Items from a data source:
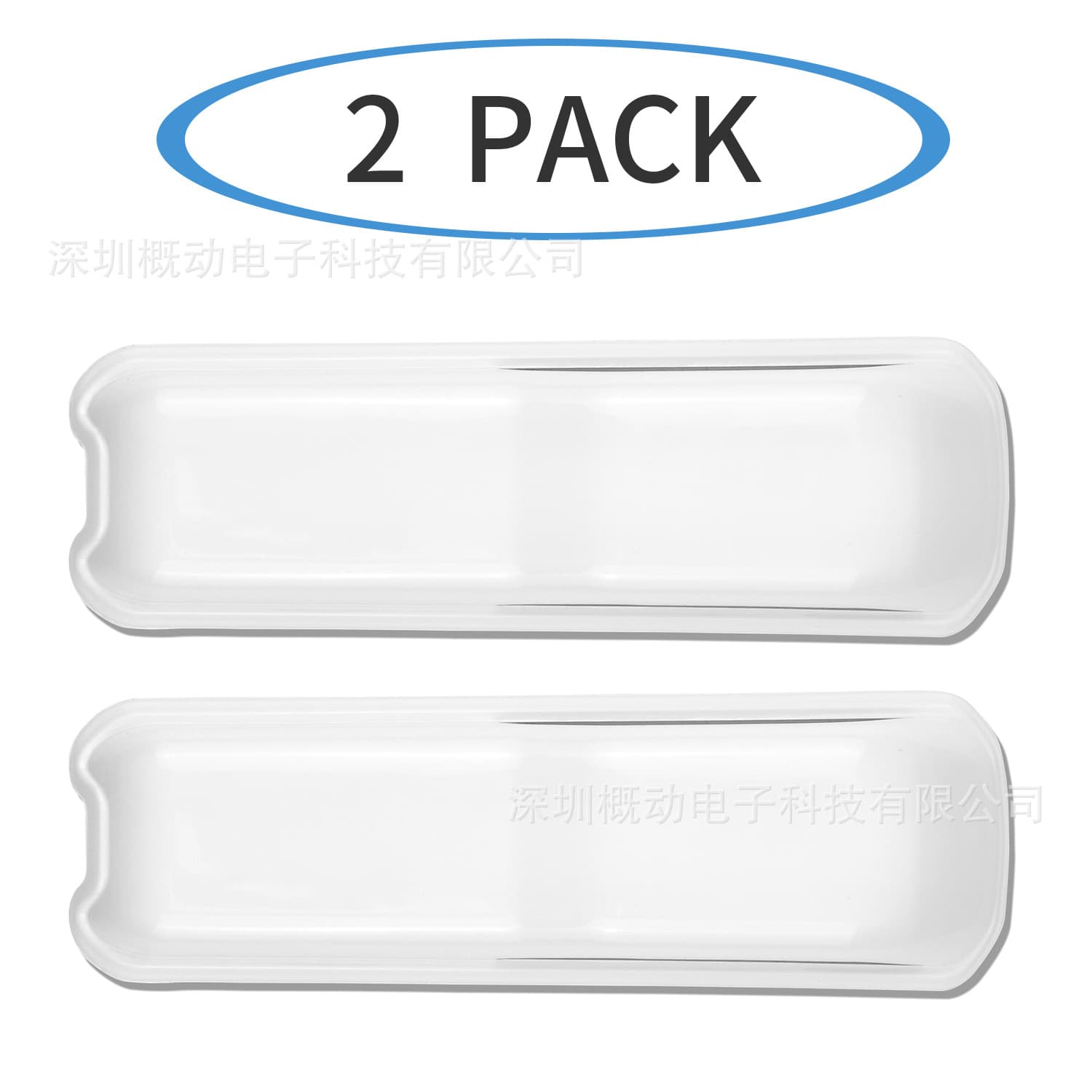 For 2018-2021 Jeep Wrangler Hood Hinge Cover Trim Cover Sticker Exterior Accessories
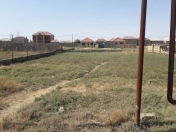 Satılır 6 sot torpaq Savalan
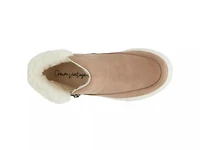 Cora Cozy Sneaker - Kids'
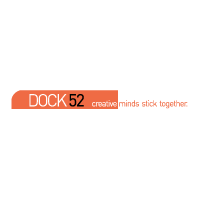 Download DOCK 52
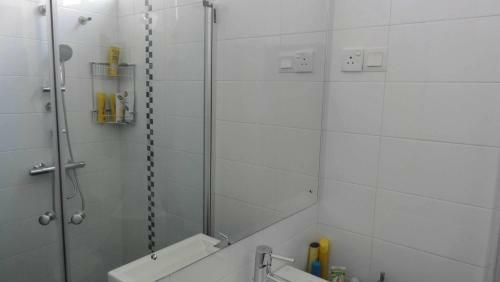 Bed & Breakfast Omni Holiday Bungalow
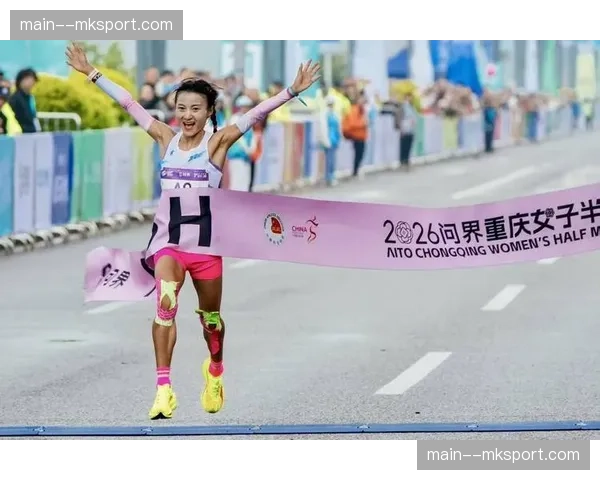 重庆女子公开赛阵容公布：11国132位球员齐聚山城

**Requirement:**
Your task is to return the entries above exactly, with no pictures.

**Response:**
 For 2018-2021 Jeep Wrangler Hood Hinge Cover Trim Cover Sticker Exterior Accessories
 Satılır 6 sot torpaq Savalan
 Cora Cozy Sneaker - Kids'
 Download DOCK 52
 Bed & Breakfast Omni Holiday Bungalow
 重庆女子公开赛阵容公布：11国132位球员齐聚山城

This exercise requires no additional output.